Search code examples
serializationprotocol-buffersthrift

Data serialization methods (protobuff/thrift) vs Yang from data modeling standpoint?


Both protobuff and thrift provides data definition capabilities - thrift structs and protobuff messages. Does it make them Data modeling languages besides being serialization formats?

Or there is something fundamentally different in how we modeling data with for e.g. Yang and through thrift or protobuff schema?


Solution

  • Yes I suppose they do amount to data modelling languages. The schema files one writes are a model of what the data looks like, and possibly what the data represents.

    For instance if a commonly used data component was representing bearing, then instead of simply using an int everywhere for a bearing one might define a specific bearing type, and then use that. Doing so allows you to change the primitive type used for a bearing, perhaps to a float, and not have to make changes anywhere else. You can quite happily do this in Thrift, Protobuf, etc. The type being called bearing leaves no room for supposing that it might represent time, and depending on what tools (schema compilers) actually do it might end up being impossible to assign a time to a bearing in source code. That is then quite handy - developers have to really try hard to make such mistakes.

    However, what this then reveals is a certain inadequacy in Thrift and Protobuf. That bearing type is all very well and good, but it is not constrained. It would be far better if the value of whatever primitive (int, float) could be constrained in the schema to, say, 0 to 359.

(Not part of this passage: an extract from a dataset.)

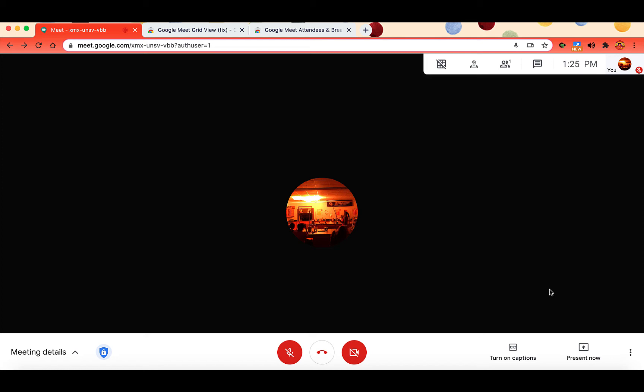In this video we are going to look at two useful Chrome extensions to enhance Google Meet. As more and more teachers are using Google Meet for virtual remote instruction, there are two specific extensions that will make a teacher's life much easier.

    Other schame languages do do this. The languages of JSON schema, XML schema (XSD), and ASN.1 schema all have syntax to allow the schema writer to express constraints. The end result is that these schema can better model your data, if your data is somehow constrained.

    ASN.1 constraints in particular can be very elaborate, allowing logical combinations of many different types of constraints (single values, value ranges, ranges dependent on constants set elsewhere in the schema, regular expressions, sets of ranges, and loads, loads more). Tool support for this complexit varies; the expensive paid-for ones are well worth it.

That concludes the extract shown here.